▸ Task:
Restate the entries word for word and skip every image.

▸ Source material:
::::::::::
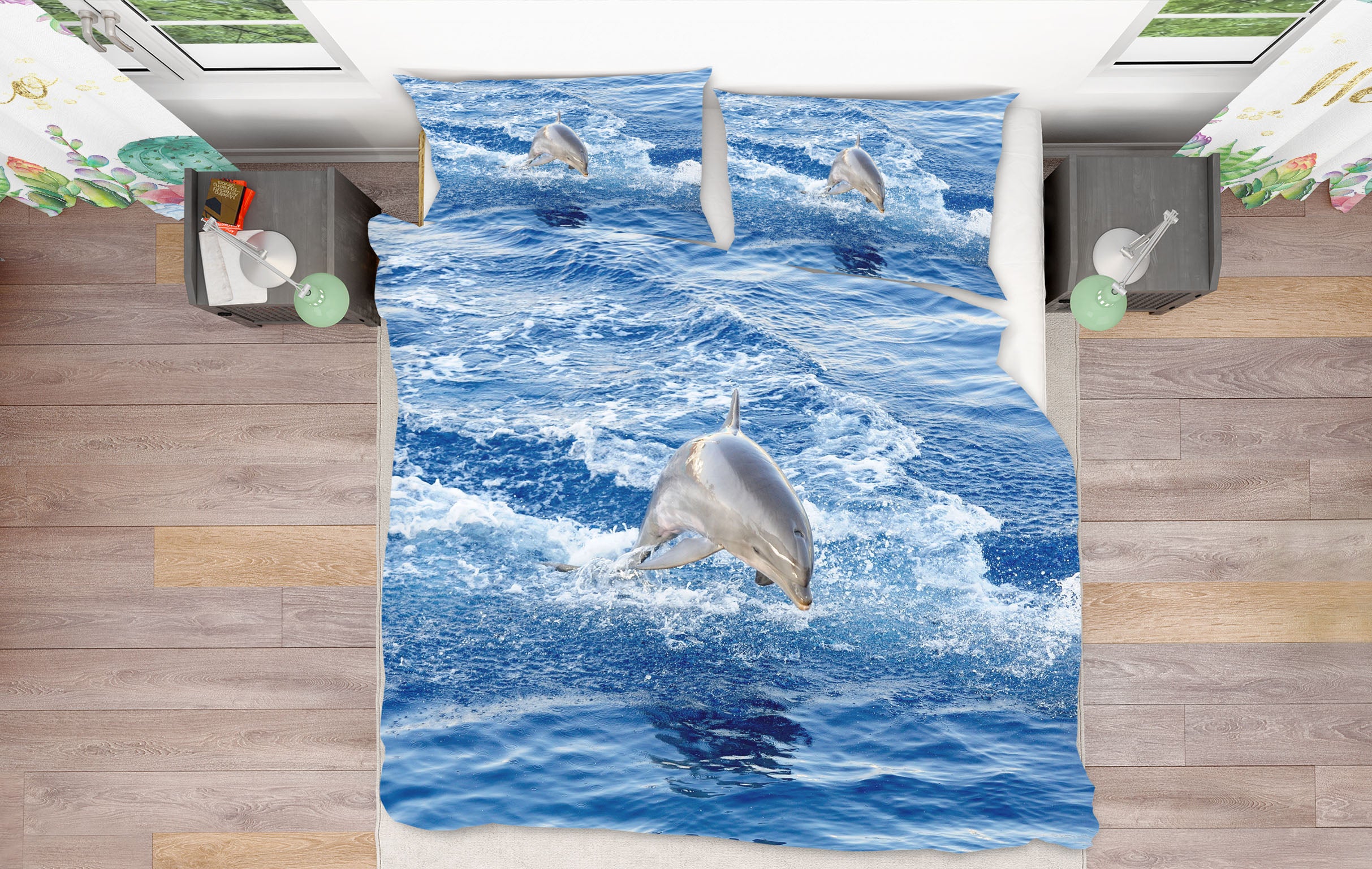 3D Dolphin Jump 19221 Bed Pillowcases Quilt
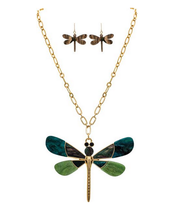 Green Acrylic Dragonfly Necklace & Earrings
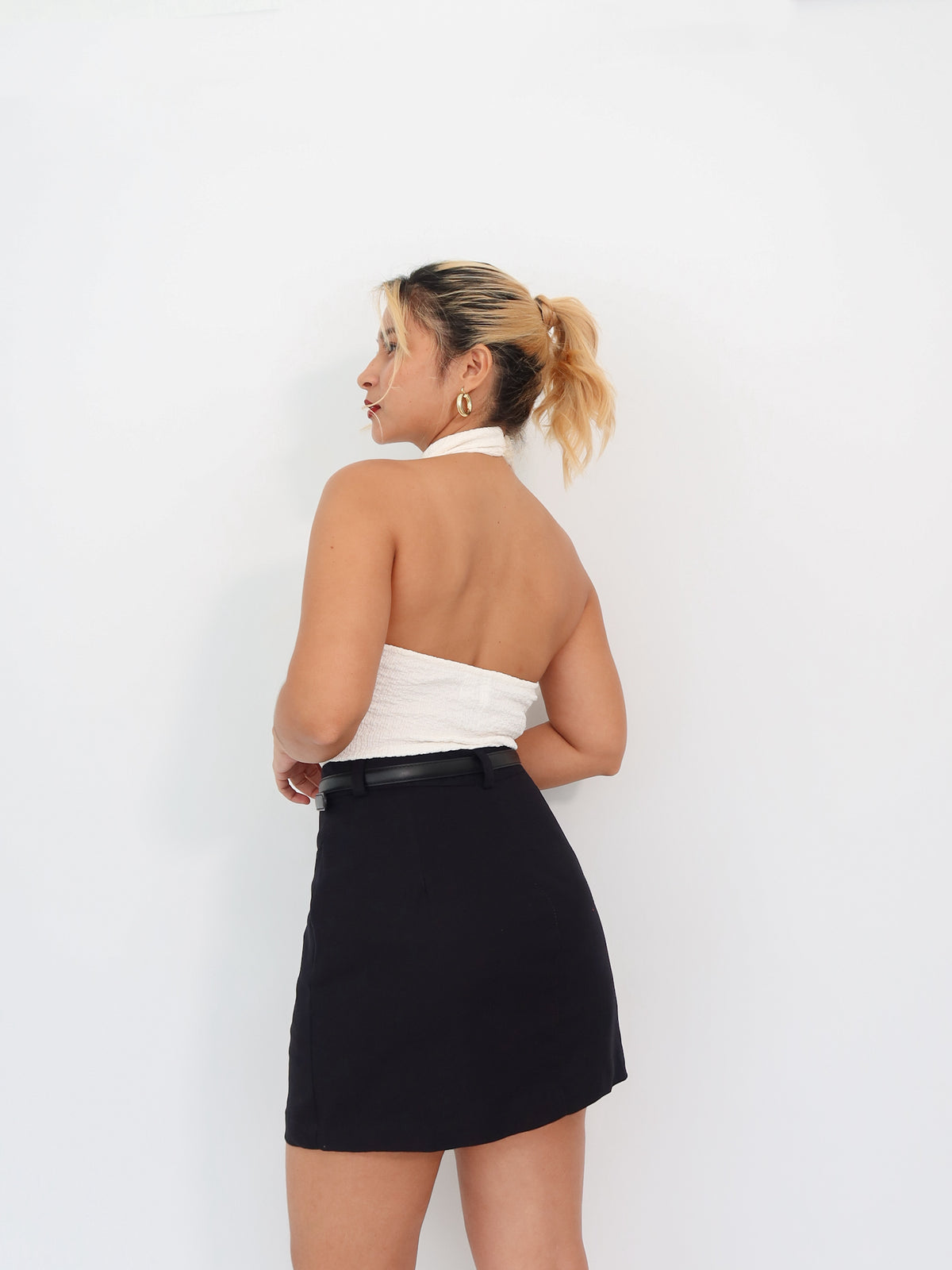 Falda con short italia negro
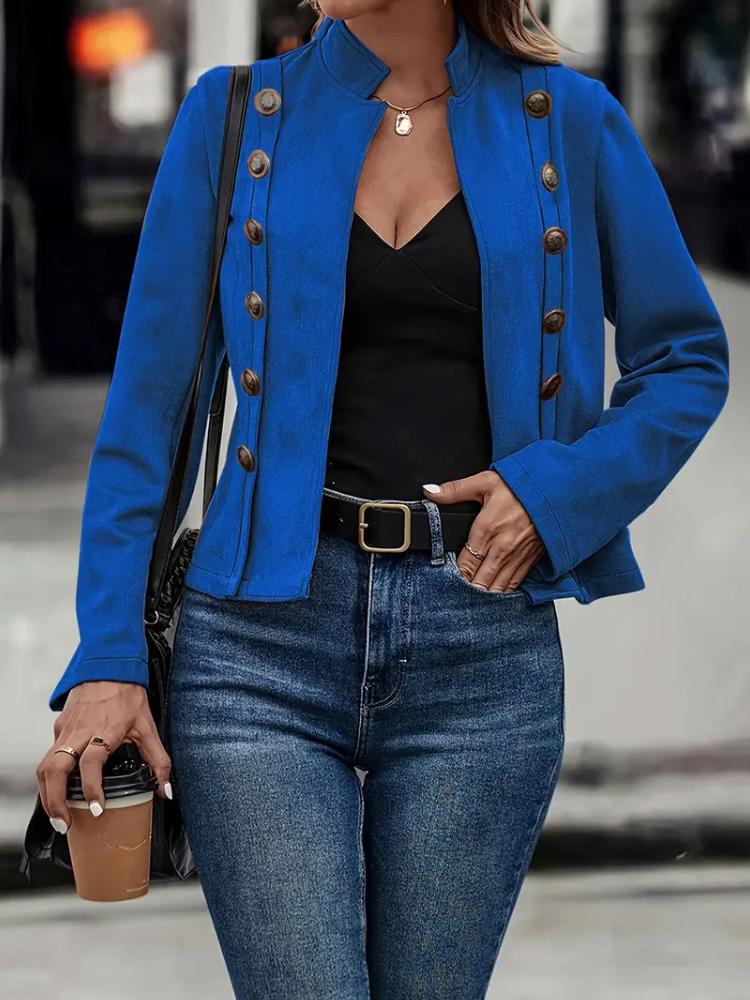 Solid color double breasted decorative jacket, new style deer suede retro long sleeved jacket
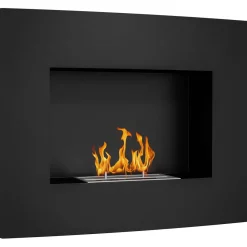 Cheminée bioéthanol encastrable design - 0,9L - 66 x 16 x 52 cm - acier inox. noir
::::::::::
▸ Solution for this problem:
 3D Dolphin Jump 19221 Bed Pillowcases Quilt
 Green Acrylic Dragonfly Necklace & Earrings
 Falda con short italia negro
 Solid color double breasted decorative jacket, new style deer suede retro long sleeved jacket
 Cheminée bioéthanol encastrable design - 0,9L - 66 x 16 x 52 cm - acier inox. noir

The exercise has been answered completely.